§ What you need to do: Pictures do not belong in your copy. Repeat all the other data exactly.

§ Provided data:
###

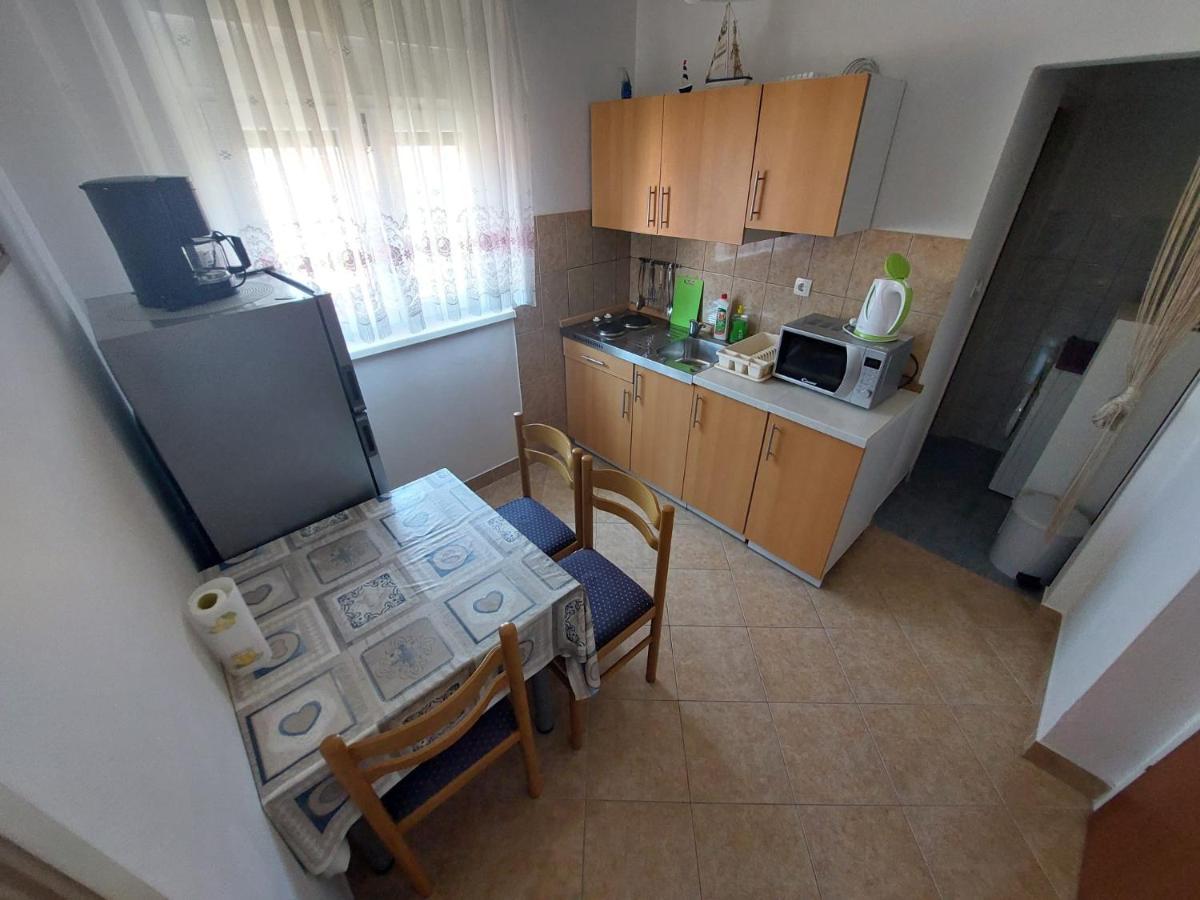 Apartmani Vukovic Kaprije Eksteriør bilde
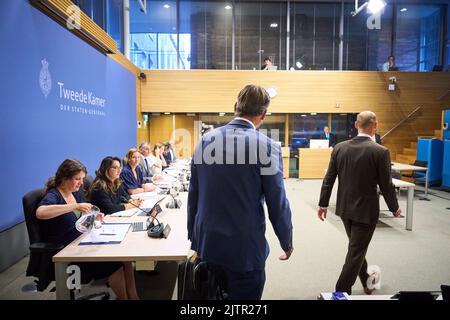 2022-09-01 14:00:05:19 L'AIA - Maxime Verhagen, ministro degli Affari economici, Agricoltura e innovazione e vice primo ministro nel gabinetto Rutte i dal 2010 al 2012 nella sala di polling della Camera dei rappresentanti durante un'interrogazione pubblica della commissione d'inchiesta parlamentare per l'estrazione di gas naturale a Groningen. La commissione sta studiando gli anni della trivellazione del gas nella provincia. Verhagen è stato Ministro dell'economia, dell'agricoltura e dell'innovazione e vice primo ministro nel gabinetto Rutte i dal 2010 al 2012. ANP PHIL NIJHUIS olanda fuori - belgio fuori Foto Stock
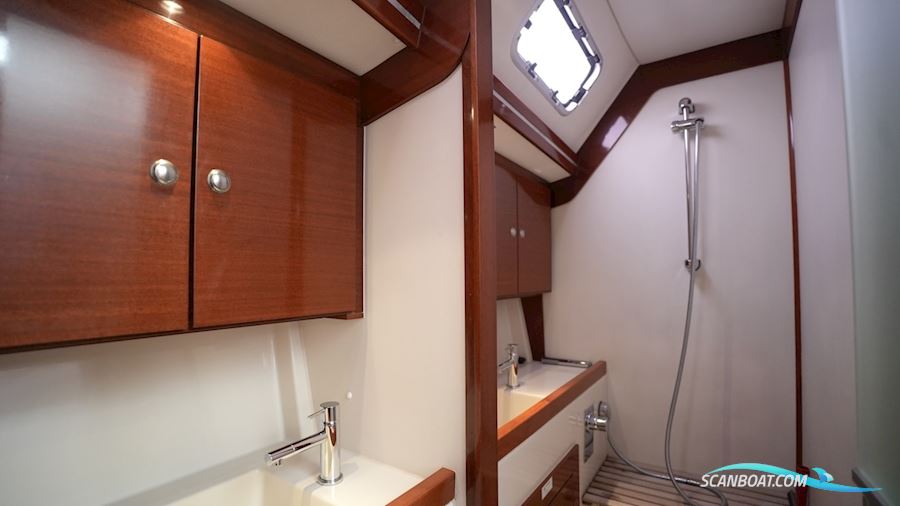 Hanse 461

###

§ Result:
 Apartmani Vukovic Kaprije Eksteriør bilde
 2022-09-01 14:00:05:19 L'AIA - Maxime Verhagen, ministro degli Affari economici, Agricoltura e innovazione e vice primo ministro nel gabinetto Rutte i dal 2010 al 2012 nella sala di polling della Camera dei rappresentanti durante un'interrogazione pubblica della commissione d'inchiesta parlamentare per l'estrazione di gas naturale a Groningen. La commissione sta studiando gli anni della trivellazione del gas nella provincia. Verhagen è stato Ministro dell'economia, dell'agricoltura e dell'innovazione e vice primo ministro nel gabinetto Rutte i dal 2010 al 2012. ANP PHIL NIJHUIS olanda fuori - belgio fuori Foto Stock
 Hanse 461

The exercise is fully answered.